The largest you can upload to Tumblr is 1280px. I imagine you can get around the small image limit by posting a text post, and then uploading the image in that, but I'm not sure as I've never had an image that small. Worth a try though. And you can have private Tumblrs. 

Dropbox is great, you can link stuff to other people, and it's extremely easy to get more space without paying. I have 52GB of space and that's purely from referrals, connecting Twitter and Facebook accounts, and connecting to my university network. You can also install the client on your desktop so you can upload directly to it, as well as create a folder hierarchy as you would on a normal file system. 
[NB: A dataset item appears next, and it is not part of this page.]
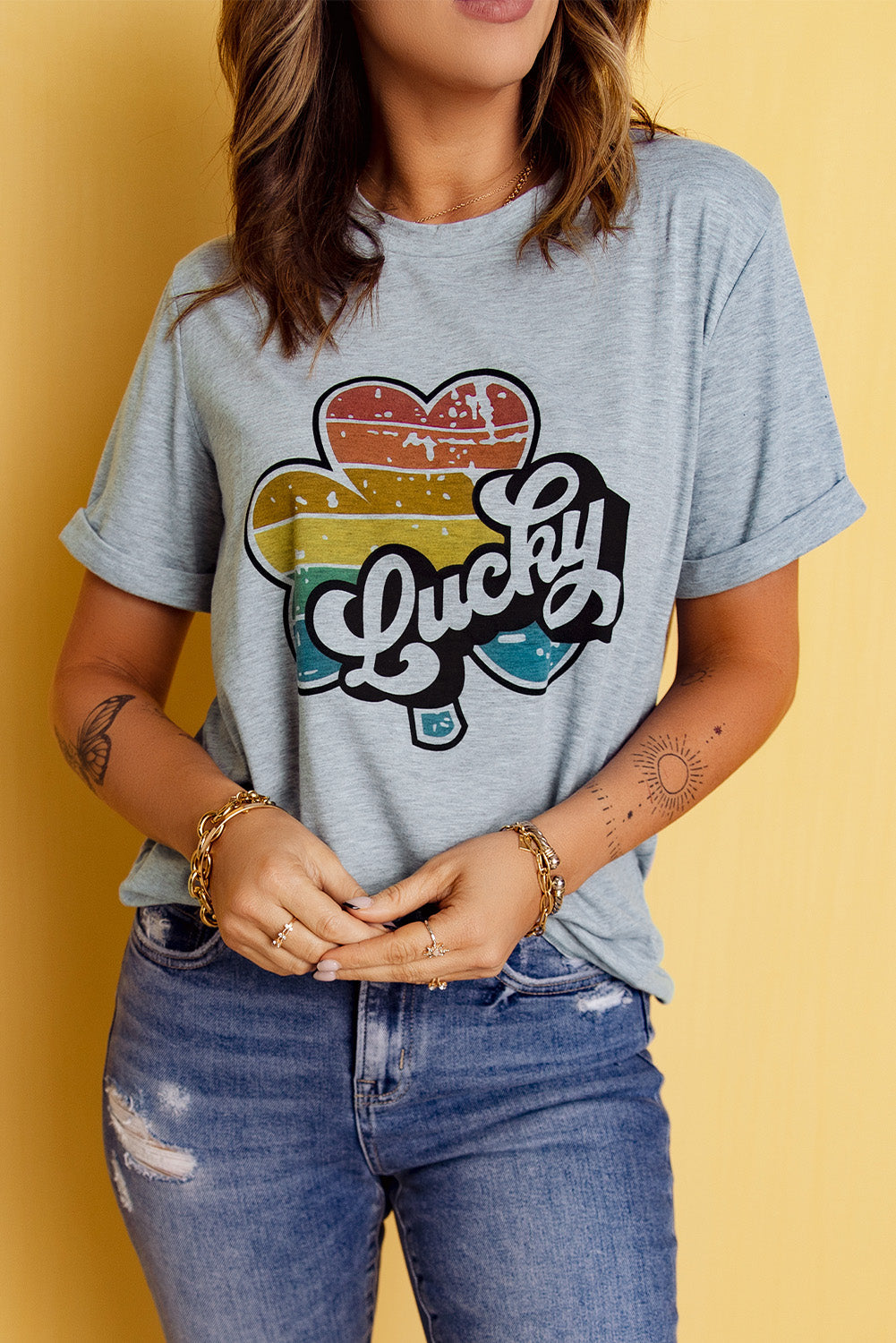 LUCKY Clover Graphic Tee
How about sta.sh? I haven't used it much but it seems to be a more private version of deviantart.


----------



## Arshes Nei (Apr 14, 2013)

Uhh, http://www.flickr.com/ ?


----------



## probabilitywolf (May 6, 2013)

If you are looking for a website just to STORE pictures and not to BROWSE (I'm not clear on that one) then it is worth making your own thing, putting it on your own website and uploading your pics there. I store my own pics online - no-one deletes them, no-one can find them (without the link) and you still have complete control over your (I assume it is your) work.


----------



## BRN (May 6, 2013)

Hi!  I use Puush. 

It's a program that sits happily on your computer behind the scenes. However, if I hit ctrl-alt-4 I can instantly upload any part of my screen. It automatically puts the direct link into my clipboard, so I can just ctrl-v to use it.

All the images are stored permanently in a private Puush gallery. The links are direct and can be shared to anyone, but images can be set to be Private. You can also delete them by choice, though Puush will never delete them by itself.

Alternatively, I can directly upload a file, which includes pictures, text, or anything.


----------